__Description of the task__: Please copy out the full listing that follows exactly; no picture belongs in the copy.

__Information provided__:

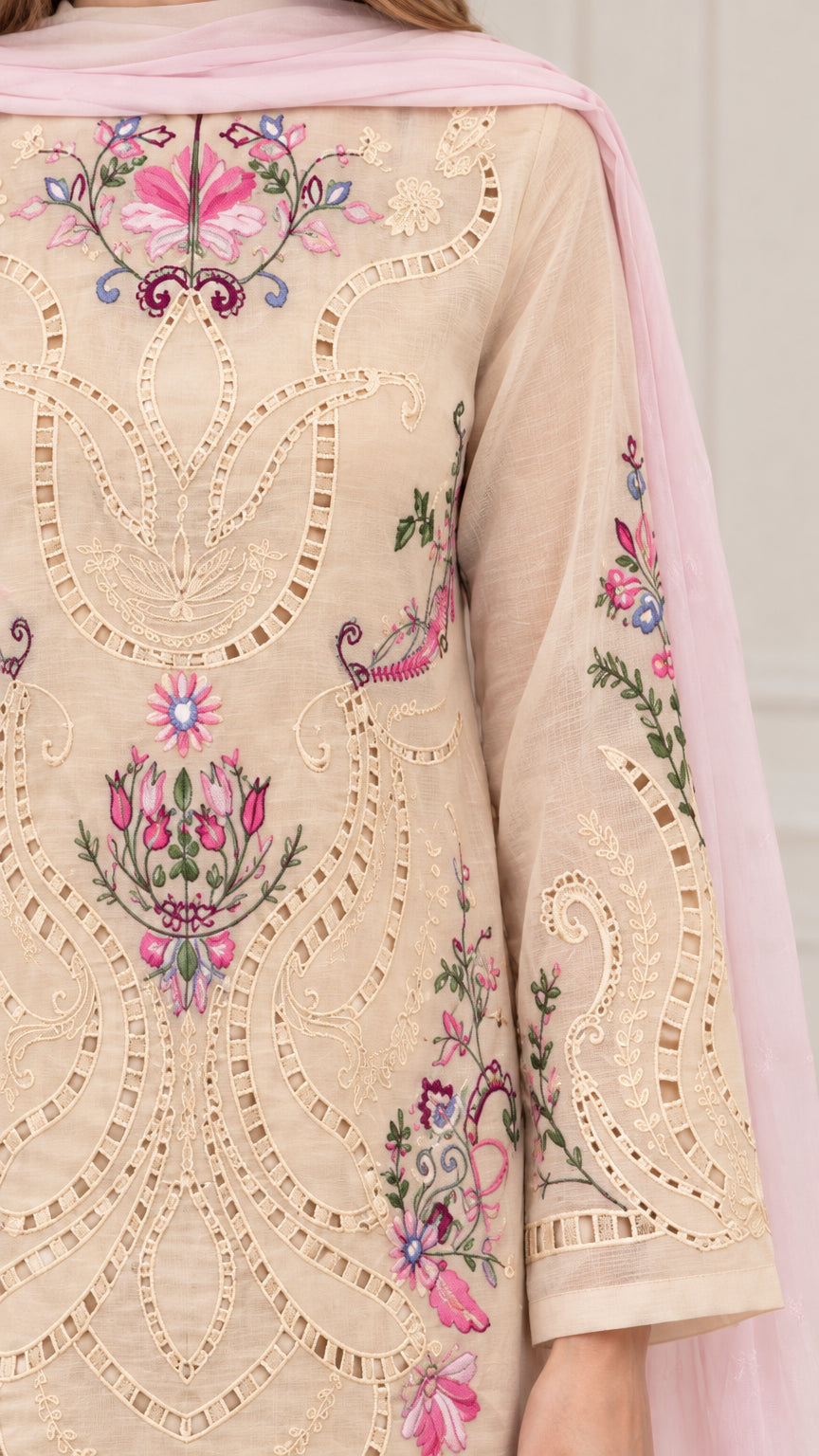 Close-up detail of intricate floral embroidery and cutwork on beige tunic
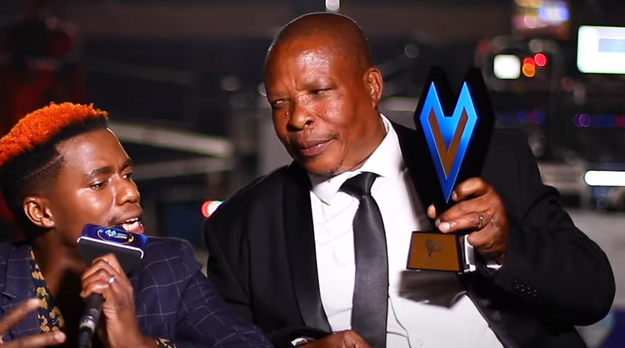 Ntate Phalane with presenter Smash Afrika during a post award interview.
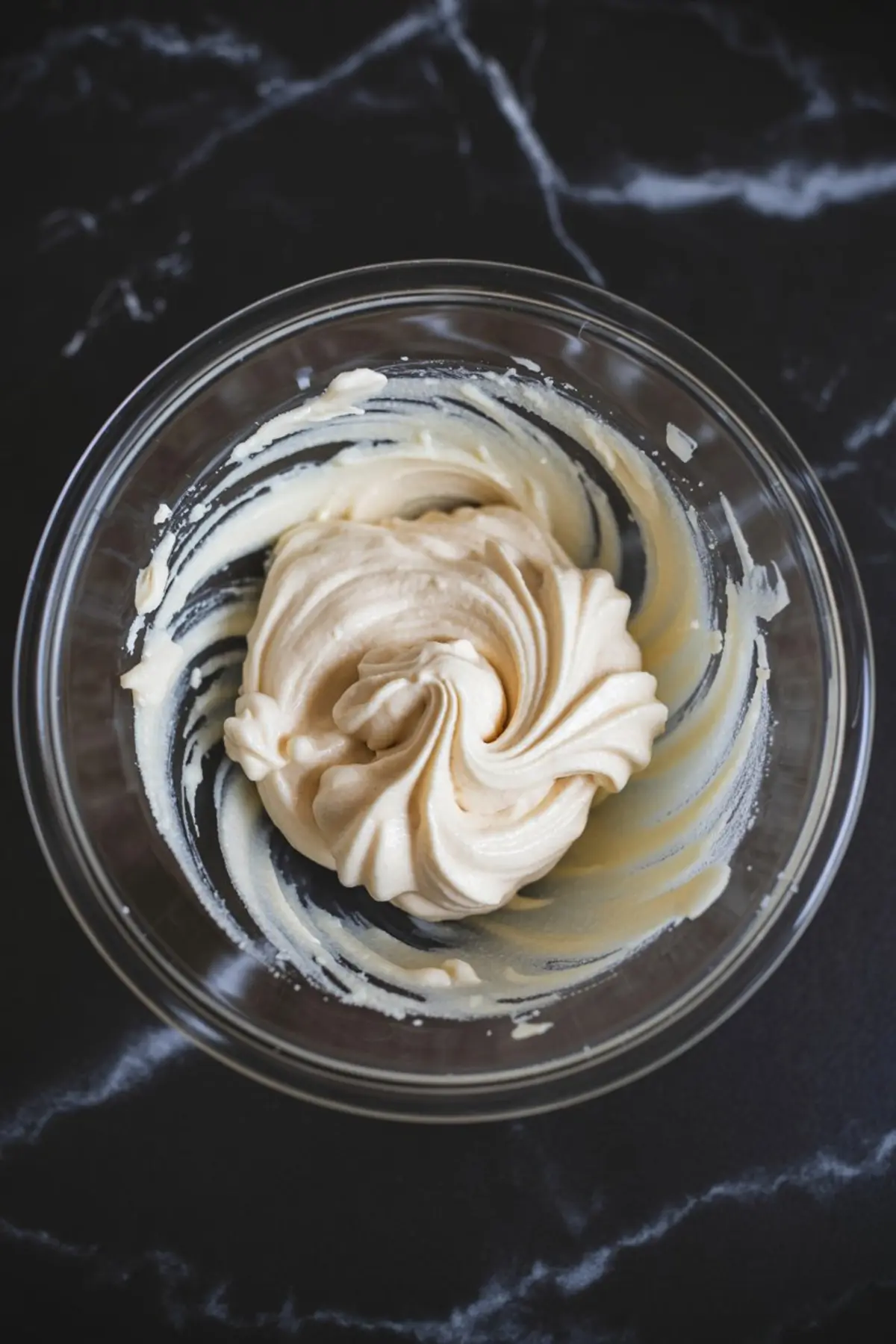 Fluffy mascarpone frosting swirled in a glass mixing bowl, with creamy texture and soft peaks against a dark marble background.
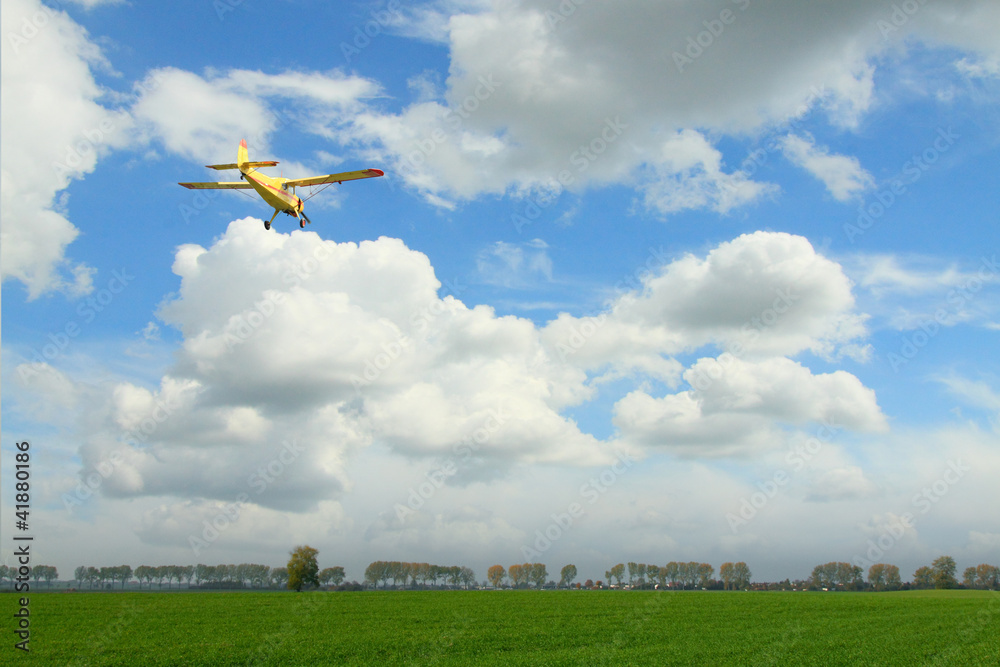 Yellow Aircraft against Overcast Sky - obrazy, fototapety, plakaty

__Output for this task__:
 Close-up detail of intricate floral embroidery and cutwork on beige tunic
 Ntate Phalane with presenter Smash Afrika during a post award interview.
 Fluffy mascarpone frosting swirled in a glass mixing bowl, with creamy texture and soft peaks against a dark marble background.
 Yellow Aircraft against Overcast Sky - obrazy, fototapety, plakaty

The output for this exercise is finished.